Responding to innumerable fan requests, the Warner Archive Collection has added My Favorite
Year to its roster in an immaculately remastered Blu-ray.
My Favorite Year was shot by Gerald Hirschfeld (Young Frankenstein), who supplied a gently
warm palette to complement the film's narrative structure as a memory play told by Benjy Stone.
The film looked pretty good on DVD (at least, as I recall it), but its 1080p, AVC-encoded Blu-ray presentation is far superior. Warner's Motion Picture Imaging facility has newly scanned an
interpositive at 2K, followed by the Warner Archive Collection's customarily thorough cleanup
to remove dirt, scratches and age-related damage. The result is a wonderfully film-like image
with fine detail that showcases the film's (idealized) period production design. Clarity,
densities and color saturation are superior throughout, and the blacks are truly black (men like
Alan Swann wore tuxedos to elegant restaurants in those days, which means the deep blacks are
critical). The reproduction is so faithful that, at the one-hour time mark, when Stone and Swann
are on a Manhattan rooftop looking down, you may spot the matte lines around their heads where
the nighttime sky has been added by optical superimposition. (See screenshot 18; the visibility of
the outlines will vary, depending on one's display and calibration.) This is not "banding", as some
viewers may wonder, but an artifact of the era's effects technology. WAC could have erased it
digitally but, as usual, has chosen to preserve the film in its original form. Artifacts that might be
attributed to the process of taking analog film into the digital realm are non-existent. WAC has
mastered My Favorite Year at its usual high bitrate, here just under 35 Mbps.

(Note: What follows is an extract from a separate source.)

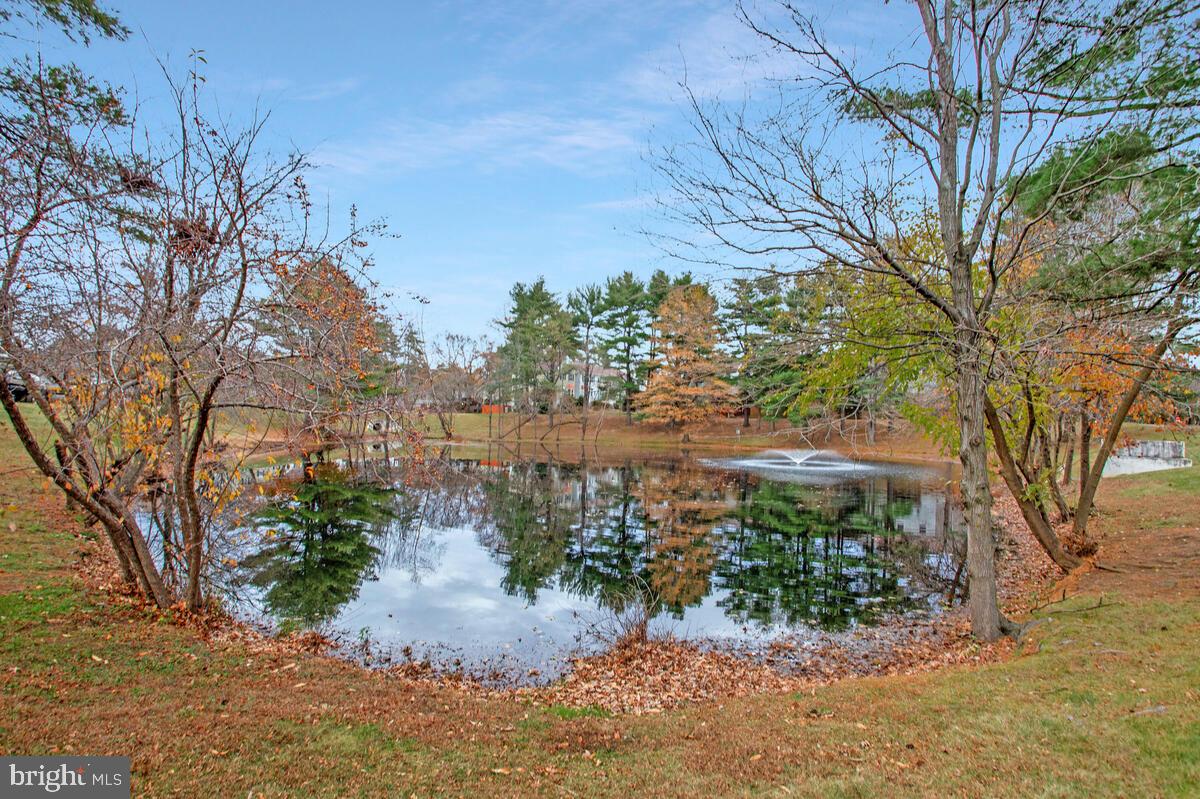1438 Orleans Court Crofton, MD 21114 - Photo 3 of 26 a view of a yard with plants and trees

(Note that WAC's Blu-ray departs from the now-familiar practice, at both Warner and other studios, of reformatting films framed at 1.85:1 to 1.78:1. WAC has retained the original aspect ratio, and tiny black bars appear at top and bottom, although they will be hidden by overscan on most displays.)
My Favorite Year was released in mono, which WAC has encoded in lossless DTS-HD MA 2.0. As mono tracks go, this one is particularly good, with a skillfully mixed selection of effects and dialogue, of which the latter is always clear. The musical score ranging from nostalgic to mock-heroic was supplied by Ralph Burns (winner of Oscars for both Cabaret and All That Jazz), and the film opens with a sweetly reproduced rendition of "Stardust" sung by another "King", Nat "King" Cole.
Even though the film boasts an Oscar-nominated lead performance by a cinema superstar, not enough people know the comic gem that is My
Favorite Year. The movie remains a comedic masterwork that hasn't aged a day, and Warner's
excellent Blu-ray should serve as a fine introduction to neophytes as well as a reward to fans who
have been patiently waiting. Highly recommended.